7.1Het gaat in deze zaak om het volgende.
a. [appellant] heeft van 1 oktober 2010 tot en met 31 december 2012 met behoud van zijn WIA uitkering ingevolge een door het UWV werkbedrijf geregelde proefplaatsing als fulltime monteur in dienst van Climate4U gewerkt.
b. Met ingang van 1 januari 2013 zijn partijen een arbeidsovereenkomst aangegaan.
c. Op 1 februari 2013 heeft er tussen partijen een gesprek plaatsgevonden, waarin Climat4u c.s. heeft aangegeven geen verbetering te hebben gezien in het functioneren van [appellant]. Volgens [appellant] is hij tijdens dit gesprek ontslagen; volgens Climate4U zijn partijen met wederzijds goedvinden uit elkaar gegaan.
d. Bij brief van 8 februari 2013 (productie D bij inleidende dagvaarding) heeft de advocaat van [appellant] zich beroepen op de nietigheid van het ontslag en aangegeven dat [appellant] zich beschikbaar houdt zijn werk te hervatten.
e. Op 11 februari 2013 heeft Climate4U c.s. onder meer medegedeeld dat de samenwerking tussen partijen in goed overleg is gestopt nu [appellant] zijn functie niet kan uit voeren wegens een gebrek aan kennis van het vak en zijn fysieke beperkingen.
f.
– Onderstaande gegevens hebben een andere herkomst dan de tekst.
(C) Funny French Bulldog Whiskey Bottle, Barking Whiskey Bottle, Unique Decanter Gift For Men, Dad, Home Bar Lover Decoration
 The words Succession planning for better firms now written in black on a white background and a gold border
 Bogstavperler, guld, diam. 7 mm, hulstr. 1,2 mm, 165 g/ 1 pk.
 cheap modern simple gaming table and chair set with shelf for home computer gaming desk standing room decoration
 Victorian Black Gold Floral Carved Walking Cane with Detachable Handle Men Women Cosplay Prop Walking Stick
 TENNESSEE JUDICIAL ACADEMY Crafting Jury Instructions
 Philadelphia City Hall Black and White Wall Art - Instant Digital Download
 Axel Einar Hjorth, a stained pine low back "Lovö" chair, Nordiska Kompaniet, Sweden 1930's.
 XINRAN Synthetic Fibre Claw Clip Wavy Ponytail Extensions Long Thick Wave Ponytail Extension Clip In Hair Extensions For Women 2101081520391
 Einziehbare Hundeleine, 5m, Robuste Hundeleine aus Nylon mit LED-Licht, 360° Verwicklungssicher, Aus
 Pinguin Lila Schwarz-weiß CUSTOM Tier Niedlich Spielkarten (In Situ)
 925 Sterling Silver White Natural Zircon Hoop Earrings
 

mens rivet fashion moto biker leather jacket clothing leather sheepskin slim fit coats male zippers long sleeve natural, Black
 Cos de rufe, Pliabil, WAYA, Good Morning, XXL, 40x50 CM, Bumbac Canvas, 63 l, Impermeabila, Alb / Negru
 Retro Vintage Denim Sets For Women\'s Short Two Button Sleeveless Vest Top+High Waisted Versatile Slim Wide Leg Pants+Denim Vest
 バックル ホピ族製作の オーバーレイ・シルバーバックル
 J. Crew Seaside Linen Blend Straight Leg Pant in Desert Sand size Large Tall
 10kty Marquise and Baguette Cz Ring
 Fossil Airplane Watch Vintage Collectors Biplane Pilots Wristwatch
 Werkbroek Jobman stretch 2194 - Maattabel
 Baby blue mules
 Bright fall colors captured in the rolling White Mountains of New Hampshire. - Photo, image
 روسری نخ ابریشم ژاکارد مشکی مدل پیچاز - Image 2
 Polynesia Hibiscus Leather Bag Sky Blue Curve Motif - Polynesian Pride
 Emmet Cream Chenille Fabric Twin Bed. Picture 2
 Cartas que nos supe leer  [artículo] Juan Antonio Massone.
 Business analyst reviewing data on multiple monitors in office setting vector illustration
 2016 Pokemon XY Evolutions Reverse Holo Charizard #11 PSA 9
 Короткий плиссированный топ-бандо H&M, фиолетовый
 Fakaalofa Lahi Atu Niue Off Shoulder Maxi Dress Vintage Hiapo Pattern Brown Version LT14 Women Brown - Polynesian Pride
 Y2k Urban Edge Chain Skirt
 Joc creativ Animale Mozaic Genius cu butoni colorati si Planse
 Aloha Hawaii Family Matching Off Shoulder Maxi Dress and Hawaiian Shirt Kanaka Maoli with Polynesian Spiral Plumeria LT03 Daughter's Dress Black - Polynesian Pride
Bij brief van 13 februari 2013 (productie F bij inleidende dagvaarding) deelt Climate4U c.s. aan de advocaat van [appellant] mee dat zij op 11 februari 2013 vergeefs contact heeft gezocht met [appellant] en voorts dat [appellant] op geen enkele wijze contact heeft gezocht met Climate4U c.s. om aan te vangen met het hervatten van zijn werkzaamheden en dat zij de arbeidsovereenkomst als beëindigd beschouwt.
g. Op 15 februari 2013 heeft de advocaat van Climate4U c.s. naar aanleiding van een telefoongesprek met de advocaat van [appellant] middels een email onder meer bericht dat Climate4U c.s. bereid is mee te werken aan een beëindiging van de arbeidsovereenkomst middels een vaststellingsovereenkomst. Indien het partijen niet lukt om tot overeenstemming te komen is Climate4U c.s. bereid om [appellant] weer in dienst te nemen voor het verloop van de nog resterende viereneenhalve maand en verwacht zij hem maandagochtend weer op het werk.
h. Hierop heeft de advocaat van [appellant] op diezelfde dag Climate4U c.s. bericht dat [appellant] maandag niet zal komen bij Climate4U c.s. en ook niet ingaat op het voorstel tot het sluiten van een vaststellingsovereenkomst. De advocaat van [appellant] stelt zich op het standpunt dat de handelswijze van Climate4U c.s. als een onregelmatig ontslag moet worden aangemerkt en dat [appellant] derhalve recht heeft op een gefixeerde schadevergoeding overeenkomstig artikel 7:680 lid 1 BW.
i. De advocaat van Climate4U c.s. heeft bij email op diezelfde dag gereageerd en onder meer aangegeven dat van een opzegging/ontslag op staande voet geen sprake was en dat Climate4U c.s. en [appellant] destijds in goed overleg met de beëindiging van de overeenkomst hebben ingestemd. Verder heeft de advocaat van Climate4U c.s. aangegeven dat blijkbaar van een wederzijdse instemming geen sprake was waarna zij contact heeft gezocht met [appellant] om het werk weer te hervatten. De advocaat van Climate4U c.s. heeft de mail beëindigd met: “Ofschoon geen sprake is van een ontslag (laat staan onregelmatig ontslag) en ofschoon cliënte nog altijd verlangt dat de heer [appellant] maandag op het werk verschijnt, indien hij niet met beëindiging instemt, is cliënte bereid mee te werken aan beëindiging van de arbeidsovereenkomst tegen vergoeding van één maandsalaris.”
j. Bij brief van 25 februari 2013 heeft dat advocaat van Climate4U c.s. aan [appellant] meegedeeld dat hij op staande voet is ontslagen, nu hij niet op het werk is verschenen.